I was anxious to get back to my reverie so when she heaved herself from the ground, the twisted branch with its splintered ends she was using for a walking stick making an indention in the moist earth, I smiled politely and returned to my sky-gazing. The only thing marring the beautiful day was the incessant intrusion of bugs as they repeatedly made Kamikaze dives at me. It was as if every insect in the world had decided to spend the day sightseeing just as I was. I wondered if there was a published itinerary somewhere entitled “Best Bug Spots of 1988” with a ping on a map that let them know this was the place to be on this particular afternoon. Maybe it was written in the star patterns at night and we humans weren’t privy to the language that would allow us to decode the map.
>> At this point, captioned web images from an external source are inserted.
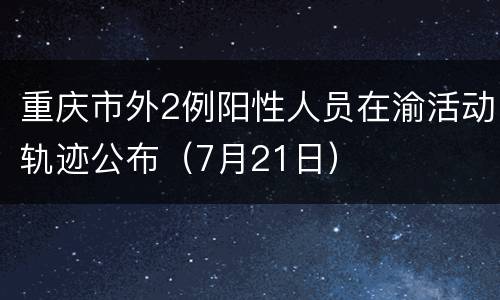 重庆市外2例阳性人员在渝活动轨迹公布（7月21日）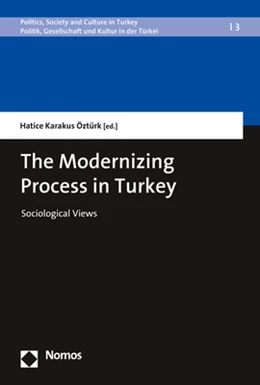 Abbildung von Öztürk | The Modernizing Process in Turkey | 1. Auflage | 2018 | 3 | beck-shop.de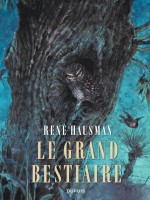Le Grand Bestiaire (integrale) T1 Le Grand Bestiaire D'hausman L'integrale de Hausman Rene chez Dupuis
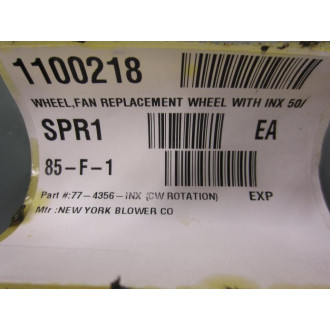 New York Blower 77-4356-INX Fan Wheel  774356INX - New No Box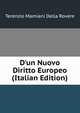 D'un Nuovo Diritto Europeo (Italian Edition), Terenzio Mamiani Della Rovere 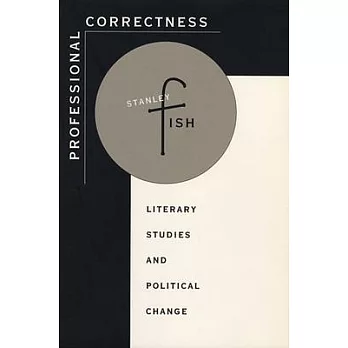 Professional Correctness: Literary Studies and Political Change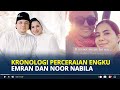 KRONOLOGI Perceraian Noor Nabila & Engku Emran Mantan Suami Laudya Cynthia Bella, 2 Tahun Menikah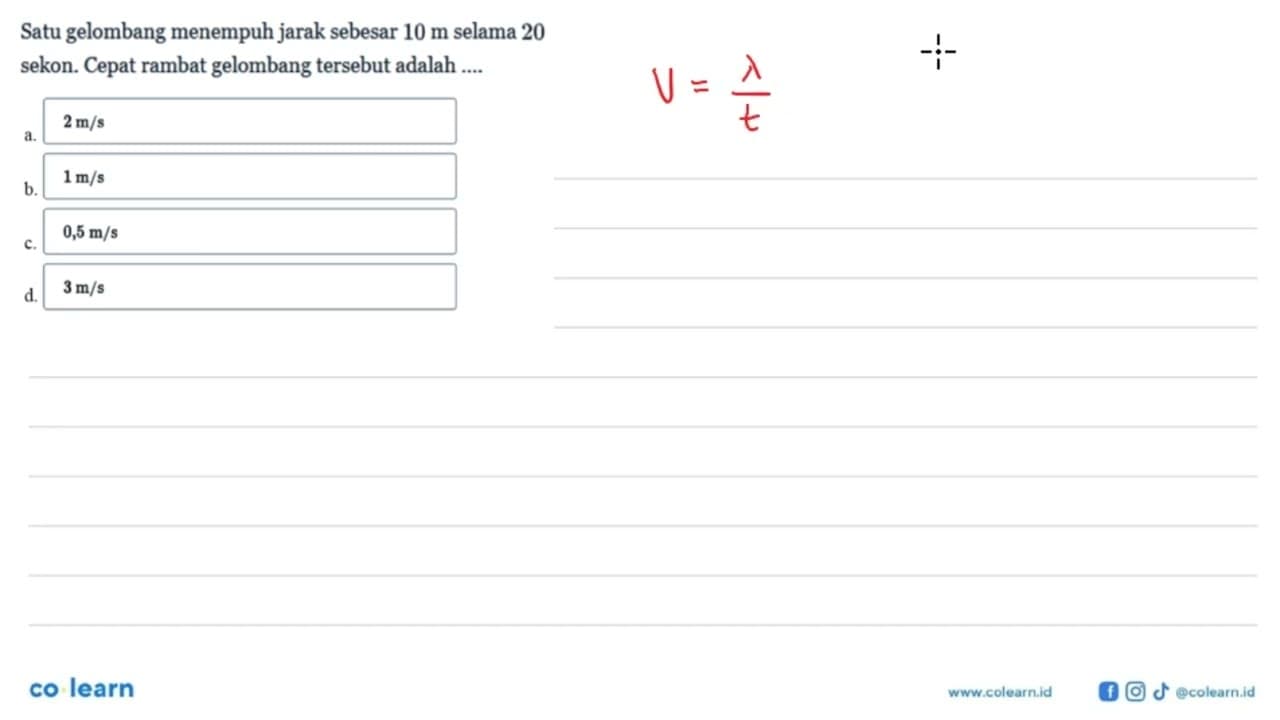 Satu gelombang menempuh jarak sebesar 10 m selama 20 sekon.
On the drive in, we’d seen first a bear and then a fox, each of them going about whatever it is that wild animals do, which due to their proximity to the road likely meant avoiding getting run down by automobiles. I was hoping nothing that intimidating would show up while I was lazing in the sun contemplating the razorback ridges with all their conifers gone. I was heartened that at least the trees were thinning only on the peaks, proof being that I’d spent almost an hour walking through the hollows on our way to the top of the ridge, feeling swallowed by great clusters of pines and firs that were breathing a chilly muskiness down my neck. I’d shivered more than once at the dense life-force they exuded, the experience reminding me that I’d always favored tree-lined streets to open expanses because they seemed so much friendlier with their protection from full-on sunlight. “If all the trees disappeared, the world would become disagreeable indeed,” I wrote in my writer’s notebook from my perch on high. “When will we humans begin to take this seriously?”
Seeking a better vantage point, I had moved to a large, flat stone, which seemed so ample it could have been a throne. As the sun moved away from the bald with the waning of the afternoon, I noticed that the seat, which was cupping me so generously, grew cooler and damper than when it had been warmed by stronger light. As I studied the scenery splaying before me, it seemed clear to me that when the mountains were formed in this part of the world, it was as if they had awakened to their new surroundings, yawned and stretched their arms to find their rippling muscles forever frozen in a sinewy display.
Because there were absolutely no “people” noises—such an oddity in the dizzy rush of a world I normally experienced—I’d begun to notice natural sounds, such as the groans emitted by the nearby trees. One in particular was decidedly fussy as the wind had its way with its contorted form. It was the saddest of them by far, one side of its leafless profile covered in thick green lichen. I wondered in that moment what the forest must think of the noises we humans make. I mimicked the tree’s sound as closely as I could and was surprised to hear an immediate echo. I said the word “tree” aloud in the best tree-like voice I could muster but it said nothing back. Hoping that it would repeat my word was too much to ask, of course, because it would certainly have wanted to wait until I’d left this patch of near-wilderness before it spoke of the name I’d given it to its gnarled cronies.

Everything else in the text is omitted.